Distortion D is a sum of Da and Dx - so all distortion components are corrected.
E only influences the accuracy of the error correction - the higher E means the lower Error at the output.
ODNF does not really change the "character" of the amplifier evenly decreasing the harmonics amplitude. I see it in my prototype measurements. That's exactly what I like it to do
Cheers,
Matthias
No, because of the reason I mentioned - the "+" input of the opamp was grounded for that measurement
. Connecting it to the input makes a big difference, making the real influence looking as 8 / (1 + 8) = 1db (18db = 8 times). This is what I also see in simulation if I connect the "+" input to the signal source.
Yes #135 does except that I have treated the IPS as a transconductance amp and my equation includes R. I haven't checked #128.
No, because of the reason I mentioned - the "+" input of the opamp was grounded for that measurement
Re post #154 diagram
The transfer function is
Vo/Vi = [ (AR + K)X ] / ( 1 + KBX )
The feedback loop gain is KBX.
Can you estimate KBX for your circuit?
Re measuring feedback
You need to connect everything up in the sim as in the proper operation of the circuit. Then insert an ac voltage source (ac=1 dc=0) into the feedback loop. Then measure the ratio of the voltages either side of the voltage source. Do not apply any input signal.
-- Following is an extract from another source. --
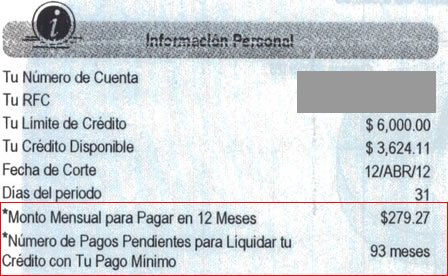Pagos pendientes para liquidar crédito haciendo los pagos mínimos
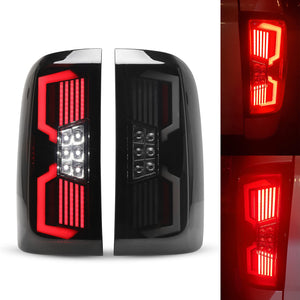 Winjet V2 Renegade LED Tail Lights Chevy Silverado 1500 (14-18) 2500HD/3500HD (15-19) w/ LED Lightbars & Sequential Turn Signals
You're trying to consider K as a gain stage. From the overall amplifier's point of view, it's not. It's a small helper, producing the difference between the input signal and attenuated output signal.
The transfer function:
Vo/Vi = AX
And then, we have additional component from the error channel, looking like:
KBX / (1 + KBX)
This additional component sets the rate of distortion cancellation. Nothing else.
Assuming, the amplitudes at the "+" and "-" inputs of the opamp are equal.
The transfer function:
Vo/Vi = AX
And then, we have additional component from the error channel, looking like:
KBX / (1 + KBX)
This additional component sets the rate of distortion cancellation. Nothing else.
Assuming, the amplitudes at the "+" and "-" inputs of the opamp are equal.